LETTER XII.
 
SOUTH OF FRANCE.

Geneva, 27th August, 1816.

In my last I ran through the architecture of the middle ages in the south of France, and have now only a few observations to add of a more miscellaneous nature. The church of Nôtre Dame de Dom is seated on a rock which rises immediately from the Rhone, above the rest of the town, to the height of about 120 feet: all the remainder of the country to the east of the river, is a plain, bounded at a moderate distance by rugged hills, and beyond these by Mont Ventou, a bulky mountain, estimated to rise 6,000 feet above the Mediterranean. On the other side of the river, rocky hills come down to the water’s edge, crowned in several places with picturesque ruins. In the middle of the Rhone is a large island shaded with trees; and extending half way across the nearest branch of the stream, are the ruins of the ancient bridge of St. Benezet; the first perhaps of any consequence built by the nations of modern Europe. It was begun in 1177, during the most flourishing period of Avignon, when the government of that city was republican. Notwithstanding the expense of the erection, we are told that in 1179, the magistrates declared the inhabitants free from all imposts on that account. The bridge consisted of twenty-two arches, and was 1,200 paces in length; but like all ancient bridges, very narrow, the road-way not exceeding nine feet in width. Each arch is composed of four ribs, or series of vault stones, not bonded together. Like the Pont St. Esprit, it forms an elbow towards the current. On the first pier of the bridge is a chapel for the passengers to pay their devotions. This custom was probably derived from times when there was only a dangerous ferry, and travellers performed an act of piety, that they might not die unprepared. The old chapel was entered by a descending flight of steps, but as this was found inconvenient, a vault was inserted at half the height, and a new chapel built at the top of the old one; the first has a semicircular apsis with little columns, much like the Corinthian; the other is polygonal.

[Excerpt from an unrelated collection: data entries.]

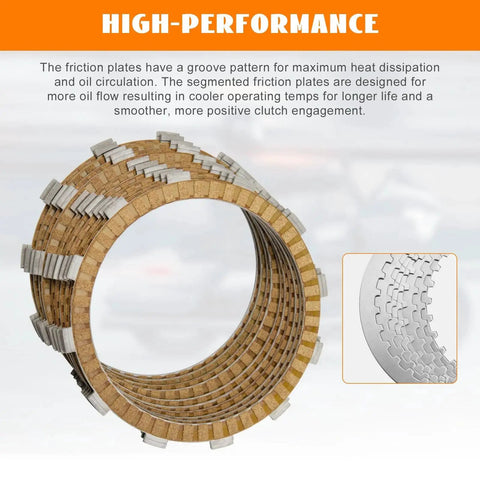 Harley Twin Cam clutch friction plate set: stacked copper friction and steel discs; inset shows tooth pattern.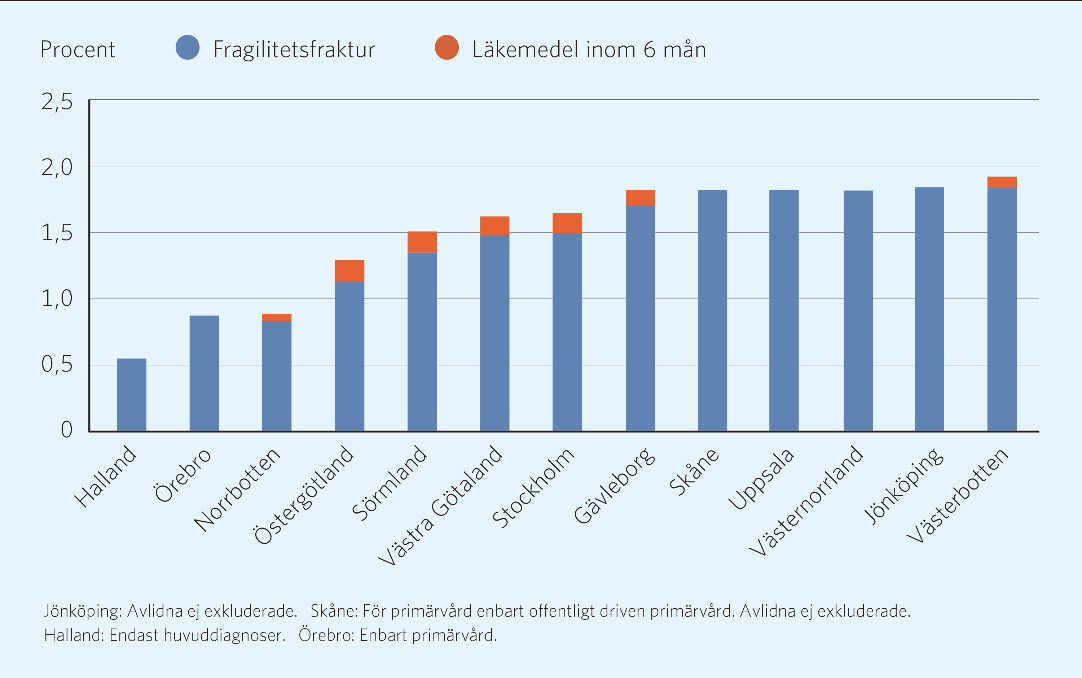 Figur 9.6: Andel en av befolkningen 45 år eller äldre med minst en fragilitetsfraktur under 2012.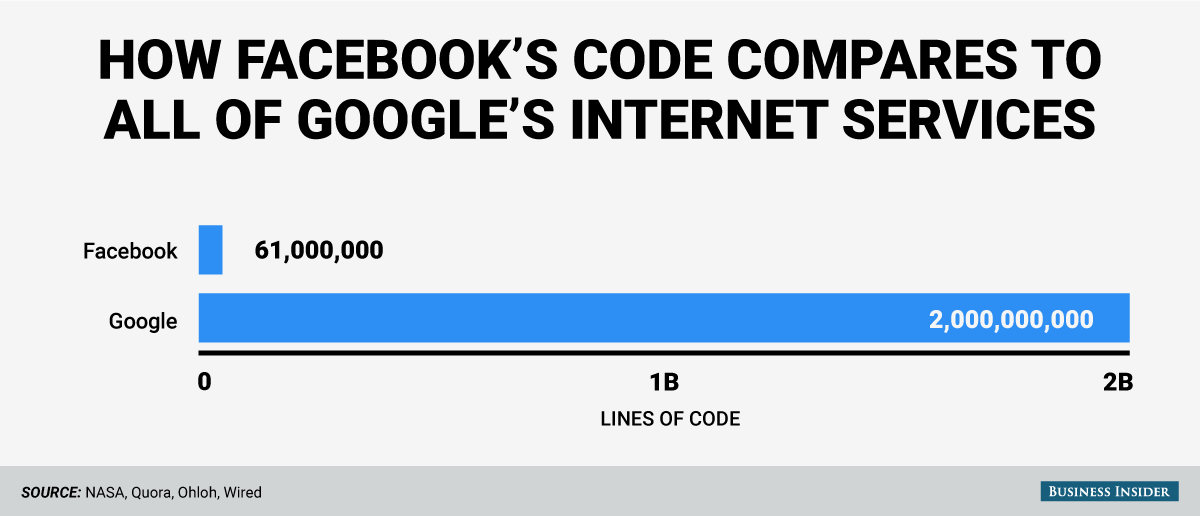 google-fb-program-code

When Louis XIV. visited Avignon, the inhabitants, to do him honour, spread the whole of the bridge with velvet, and covered it with a canopy of silk. They did it, perhaps, as sacrifices are performed to evil deities, in order to avert the mischief they may occasion: but Louis, struck with this appearance of wealth and prosperity, in a town which did not belong to him, and not to be propitiated by their hospitality, destroyed the bridge, surrounded the place with custom-houses, ruined its trade, and thus drove the manufacturers to other places; and the city, which once boasted a population of eighty thousand souls, is now reduced to less than twenty thousand.

Avignon was a republic from 1134 to 1251. The popes came here (Clement V.) in 1309, and abandoned it in 1376. Two sham popes were here till 1403, from which time Avignon was governed by a vice-legate, deputed by the popes, till the revolution, when it was finally taken possession of by the French, and I suppose stands no chance of being restored. Nor is it desirable that it should, since being inclosed in France, it must always be in effect, subject to the government of that country. There is a museum and a public library; and I visited the house of one gentleman in the place, who has a fine collection of casts, and some pictures; but I did not find any thing very interesting.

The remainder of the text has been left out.